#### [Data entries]
----
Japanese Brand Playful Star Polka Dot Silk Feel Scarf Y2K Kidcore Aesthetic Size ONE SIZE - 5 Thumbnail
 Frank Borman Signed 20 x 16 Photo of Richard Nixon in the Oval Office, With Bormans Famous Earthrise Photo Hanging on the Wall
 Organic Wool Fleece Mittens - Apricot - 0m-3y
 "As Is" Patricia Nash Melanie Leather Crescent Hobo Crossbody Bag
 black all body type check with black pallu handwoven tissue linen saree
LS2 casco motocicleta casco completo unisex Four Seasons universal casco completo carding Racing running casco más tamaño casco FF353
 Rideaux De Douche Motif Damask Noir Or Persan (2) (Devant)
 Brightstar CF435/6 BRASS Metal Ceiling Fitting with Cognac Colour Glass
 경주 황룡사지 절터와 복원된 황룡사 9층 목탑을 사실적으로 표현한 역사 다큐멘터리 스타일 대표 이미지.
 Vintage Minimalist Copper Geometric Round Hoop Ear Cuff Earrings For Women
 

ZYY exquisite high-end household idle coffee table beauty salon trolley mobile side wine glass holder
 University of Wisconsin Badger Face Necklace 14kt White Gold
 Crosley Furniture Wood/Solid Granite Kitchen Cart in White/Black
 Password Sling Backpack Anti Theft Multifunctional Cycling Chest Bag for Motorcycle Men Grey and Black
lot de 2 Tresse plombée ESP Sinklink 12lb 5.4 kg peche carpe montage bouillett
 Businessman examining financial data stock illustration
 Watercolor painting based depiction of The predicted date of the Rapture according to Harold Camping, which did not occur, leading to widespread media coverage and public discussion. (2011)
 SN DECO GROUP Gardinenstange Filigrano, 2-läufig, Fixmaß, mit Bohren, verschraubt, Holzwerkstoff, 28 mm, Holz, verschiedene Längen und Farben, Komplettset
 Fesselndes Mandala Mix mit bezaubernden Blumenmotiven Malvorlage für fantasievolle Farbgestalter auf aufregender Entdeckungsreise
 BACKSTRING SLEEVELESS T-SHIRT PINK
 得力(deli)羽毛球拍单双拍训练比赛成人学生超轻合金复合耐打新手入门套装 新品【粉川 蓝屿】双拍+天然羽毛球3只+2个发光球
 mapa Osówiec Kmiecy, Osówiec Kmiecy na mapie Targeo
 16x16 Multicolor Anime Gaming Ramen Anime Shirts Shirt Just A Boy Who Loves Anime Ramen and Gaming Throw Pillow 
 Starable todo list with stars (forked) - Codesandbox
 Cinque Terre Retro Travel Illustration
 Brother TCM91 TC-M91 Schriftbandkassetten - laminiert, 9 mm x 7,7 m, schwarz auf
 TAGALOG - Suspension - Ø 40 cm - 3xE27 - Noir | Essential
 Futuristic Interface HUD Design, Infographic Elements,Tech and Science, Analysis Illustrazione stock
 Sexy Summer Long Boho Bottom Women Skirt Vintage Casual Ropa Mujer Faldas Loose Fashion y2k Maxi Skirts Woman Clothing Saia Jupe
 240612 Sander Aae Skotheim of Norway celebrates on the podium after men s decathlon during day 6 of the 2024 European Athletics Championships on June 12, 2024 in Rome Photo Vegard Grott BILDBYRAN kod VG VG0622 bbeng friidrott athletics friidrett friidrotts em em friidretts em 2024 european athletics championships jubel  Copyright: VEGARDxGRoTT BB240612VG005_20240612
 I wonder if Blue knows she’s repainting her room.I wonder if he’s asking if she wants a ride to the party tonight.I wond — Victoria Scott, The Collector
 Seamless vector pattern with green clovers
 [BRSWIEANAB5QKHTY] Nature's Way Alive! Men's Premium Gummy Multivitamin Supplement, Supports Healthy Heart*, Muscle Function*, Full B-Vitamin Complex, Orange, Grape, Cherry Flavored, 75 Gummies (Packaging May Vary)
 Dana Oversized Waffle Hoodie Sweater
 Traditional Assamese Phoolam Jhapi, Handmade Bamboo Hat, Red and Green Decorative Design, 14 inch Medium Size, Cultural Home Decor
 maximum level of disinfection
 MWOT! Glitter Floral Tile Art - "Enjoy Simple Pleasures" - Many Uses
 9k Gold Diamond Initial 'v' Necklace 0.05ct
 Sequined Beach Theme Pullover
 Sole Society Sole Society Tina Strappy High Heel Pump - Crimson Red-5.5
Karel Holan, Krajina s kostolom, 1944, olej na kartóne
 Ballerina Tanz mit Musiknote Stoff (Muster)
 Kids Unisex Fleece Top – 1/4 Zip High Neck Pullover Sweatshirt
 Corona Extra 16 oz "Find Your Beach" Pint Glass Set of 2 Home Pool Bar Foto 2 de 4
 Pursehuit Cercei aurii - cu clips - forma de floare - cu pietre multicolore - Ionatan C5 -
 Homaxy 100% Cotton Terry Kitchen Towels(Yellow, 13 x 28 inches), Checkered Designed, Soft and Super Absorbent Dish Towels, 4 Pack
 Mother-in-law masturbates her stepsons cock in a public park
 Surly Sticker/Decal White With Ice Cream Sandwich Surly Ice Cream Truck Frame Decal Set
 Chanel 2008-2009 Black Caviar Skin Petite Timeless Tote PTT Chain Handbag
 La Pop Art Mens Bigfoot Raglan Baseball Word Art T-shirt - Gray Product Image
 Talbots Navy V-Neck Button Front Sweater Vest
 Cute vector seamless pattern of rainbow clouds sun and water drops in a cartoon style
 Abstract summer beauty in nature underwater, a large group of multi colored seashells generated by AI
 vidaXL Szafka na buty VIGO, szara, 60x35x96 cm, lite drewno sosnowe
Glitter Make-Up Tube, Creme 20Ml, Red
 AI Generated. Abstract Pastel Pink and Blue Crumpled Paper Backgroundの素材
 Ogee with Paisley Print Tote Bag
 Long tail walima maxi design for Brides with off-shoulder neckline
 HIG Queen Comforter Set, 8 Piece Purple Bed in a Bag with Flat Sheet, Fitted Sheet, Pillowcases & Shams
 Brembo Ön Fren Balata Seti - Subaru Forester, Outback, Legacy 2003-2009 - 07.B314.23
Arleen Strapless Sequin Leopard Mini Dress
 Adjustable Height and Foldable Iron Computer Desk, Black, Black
----
#### [Aim of the exercise]
Starting at the line that has "Password Sling Backpack" and ending at the line that has "Businessman examining financial", please write out the lines above exactly, leaving out all others.

#### [Answer below]
 Password Sling Backpack Anti Theft Multifunctional Cycling Chest Bag for Motorcycle Men Grey and Black
lot de 2 Tresse plombée ESP Sinklink 12lb 5.4 kg peche carpe montage bouillett
 Businessman examining financial data stock illustration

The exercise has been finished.